Childhood in France:

It was the summer of 1947; the war had ended only two years earlier and food was still fairly scarce. My adoptive parents brought me to a farm on an isolated mountaintop of the Morvan region in the center of France. I was nine, pale, and as skinny as a rail. Madame Durand, the farmer, was a wonderful woman. She would take me along when she milked her favorite cow, Blanchette, and she let me drink the milk fresh from the pail, warm, sweet, and foamy. Blanchette’s milk was more delicious than anything I had ever tasted.

When I was a little girl, I used to spend my summers in a village on the French Riviera, staying with my aunt Mada and an old Russian lady who raised goats and rabbits. She only spoke Russian and so did her goats. I soon learned the words you need in order to tell a Russian-speaking goat to go left or right—though there was something absolutely contrary about these goats, and likable as they might be, if you wanted them to go left, you had to say, “Go right!” and vice versa. I was told my Russian accent was terrible, but the goats seemed to understand anyway, and always went the right way.

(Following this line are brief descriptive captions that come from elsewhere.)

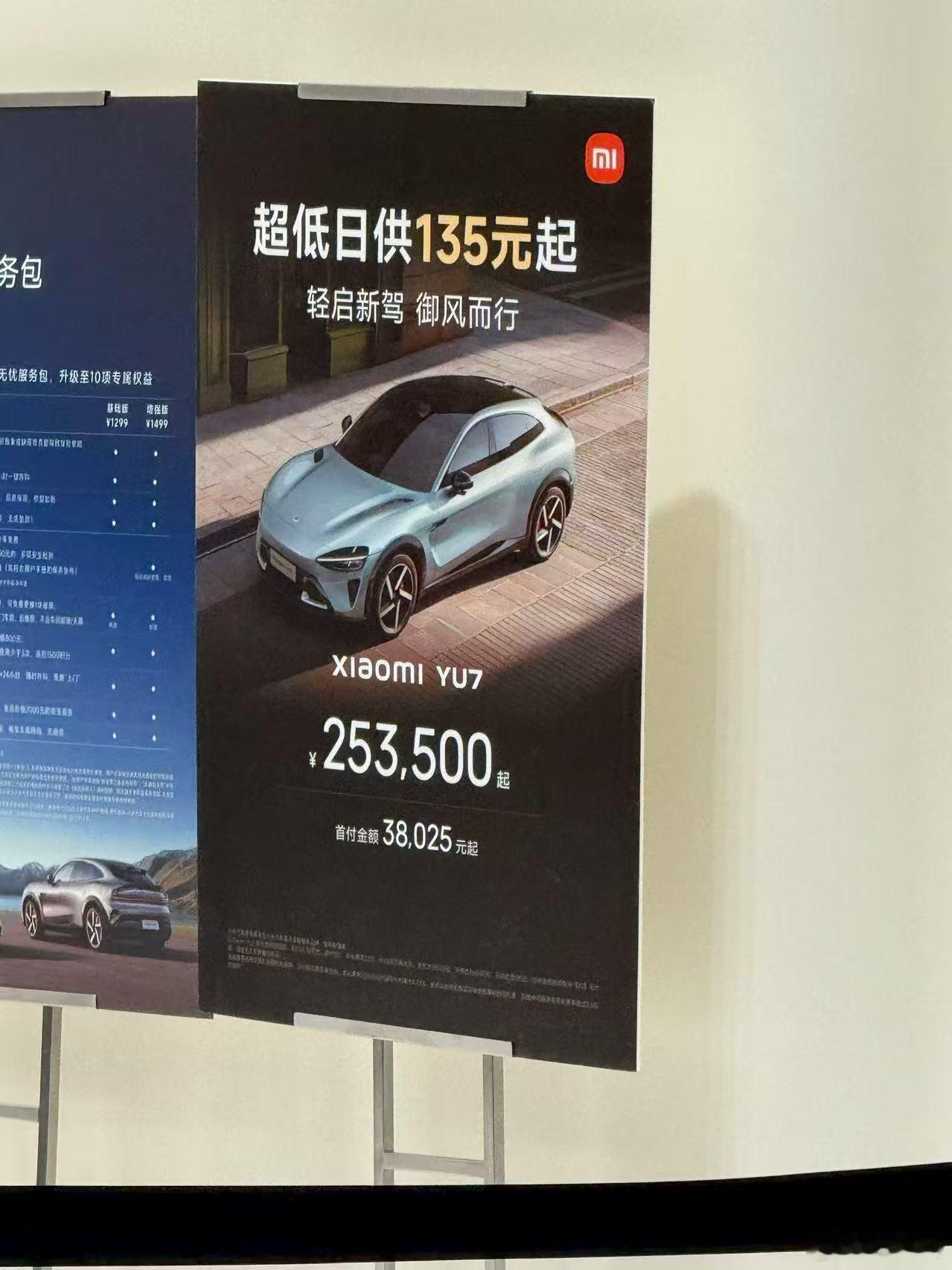 毫无PS痕迹。这都能沸腾？​​​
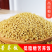 减肥粮食苦荞饭低脂肪五谷杂粮荞疙瘩饭苦荞米一件代发
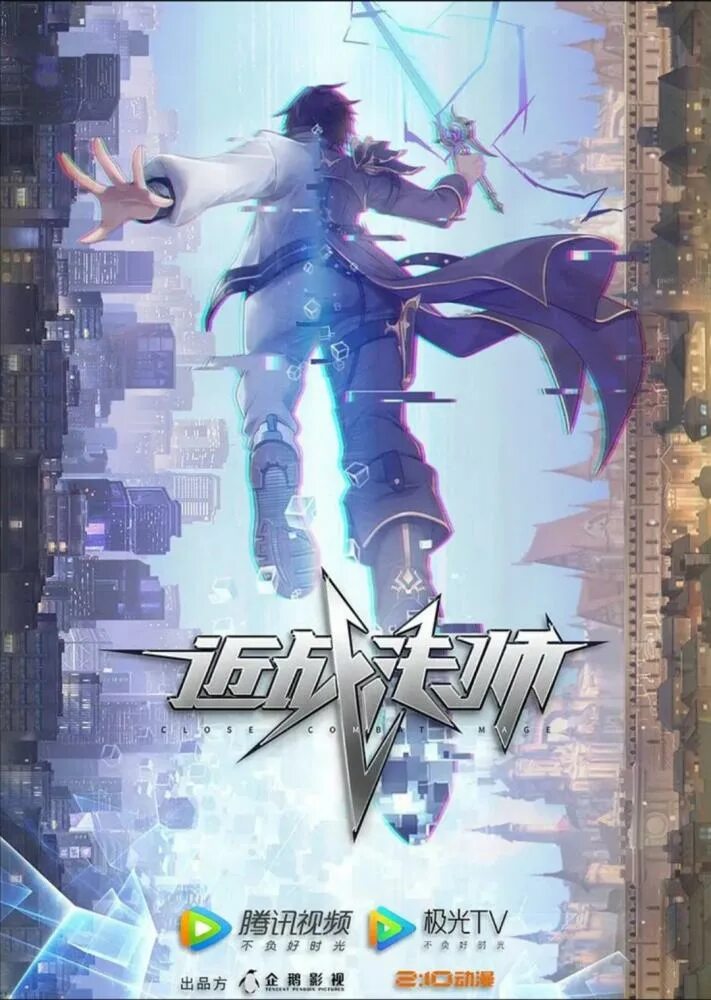 ангел против демона. Virtual world: close combat mage. маг ближнего боя ранобэ. маг ближнего боя 1. маг ближнего боя ранобэ.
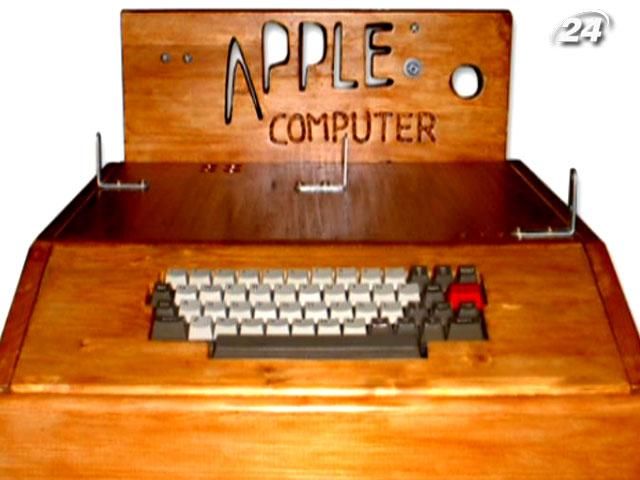 Аукцион Sotheby's в июне выставит на торги компьютер Apple-1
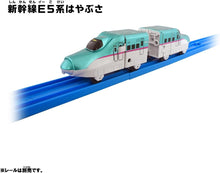 画像をギャラリービューアに読み込む, 【新品】 プラレール SGX01 シンカリオン E5はやぶさ 佐賀
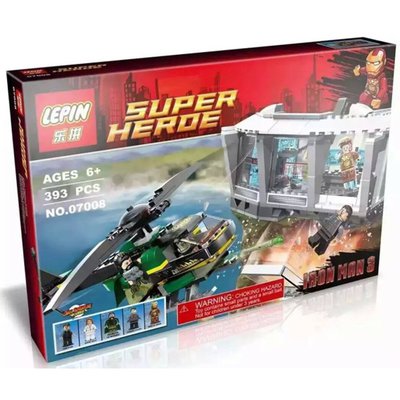 LEPIN-07008-Super-Heroes-Minifigur-346-ST&Uuml (1).jpg
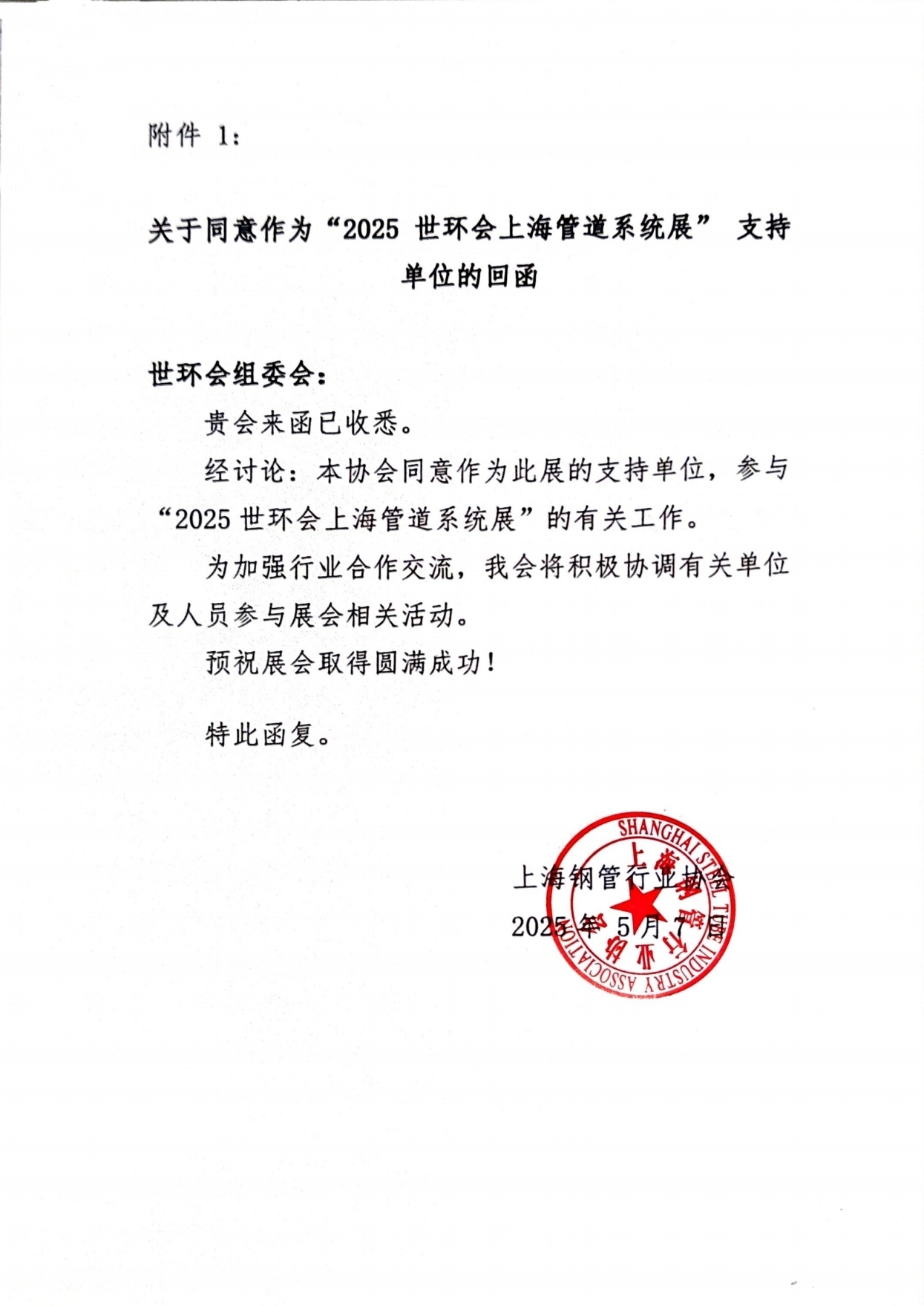 利好消息:上海钢管行业协会鼎立支持“2025世环会及上海管道系统展”- 利好消息:上海钢管行业协会鼎立支持“2025世环会及上海管道系统展”-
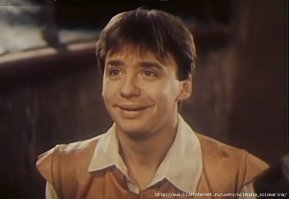 А ещё, я в детстве была влюблена в его сына Антона, когда увидела его в сказке в роли принца... он для меня прям принцем и был))))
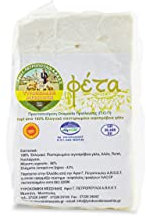 Original griechischer Feta aus Schafs- und Ziegenmilch am Stück vakuumiert 500 g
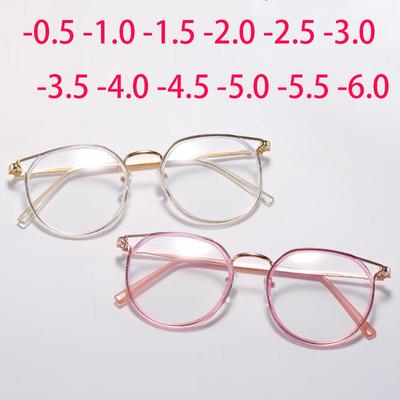 Rosa Roségoldener Rahmen Myopie-Gläser Cat-Eye-Brille mit Rezept Damen Herren Metall Kurzsichtige Brille 0 -0.5 -1.0 -1.5 Bis -6.0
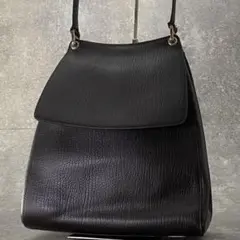 Vintage Bally one-shoulder handbag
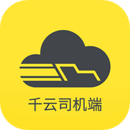 千云司机端logo图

Except for the fact that they are always clucking and flapping about, hens are not devoid of a certain shapely elegance. Some hens, in fact, are downright beautiful. If I lived in the country, I might like to keep a few hens and give them French names. Then, every morning, I would go looking for fresh eggs to eat “à la coque,” boiled and with a little salt, the way I did when I was young.


Summers in Vermont:

One day, a big white dog came lolloping down the meadow where I was painting in Vermont, and, with a contented sigh, settled himself right between me and the easel. I couldn’t continue without stumbling over him or splashing him with paint. And if I moved my easel, he moved with it. There was nothing to do but surrender and pack up for the day. The dog observed my defeat with a funny look—disdainful or disappointed, I couldn’t tell—and then lolloped off again without a backward glance. I never saw him again.


For years, we left New York to spend the summer in northern Vermont, where we had a cabin. One summer, a cat named Booties, which belonged to some folks in the village, got into the habit of visiting us daily. He appeared at the top of the road, then walked in leisurely fashion through our door. We were always delighted, even somewhat honored, to receive his visits. I have never known a more personable cat. He was very smart and dignified; our whole family was crazy about him. The next summer, when we came back, Booties was gone. He’d been killed by a car that winter, we were told. I was always forgetting he was gone, and kept looking toward the top of the road, expecting to see him.  


Occasional meetings:

This seal belongs to the Brooklyn Zoo. She barks like a dog and even looks a bit like a dog. She also looks like an old man—Winston Churchill, specifically—and depending on her expression, like another, more contemporary politician who will remain nameless. She is a fantastic swimmer. She catches small fish and the children love to watch. Altogether, she seems content enough with her life, if a bit pensive.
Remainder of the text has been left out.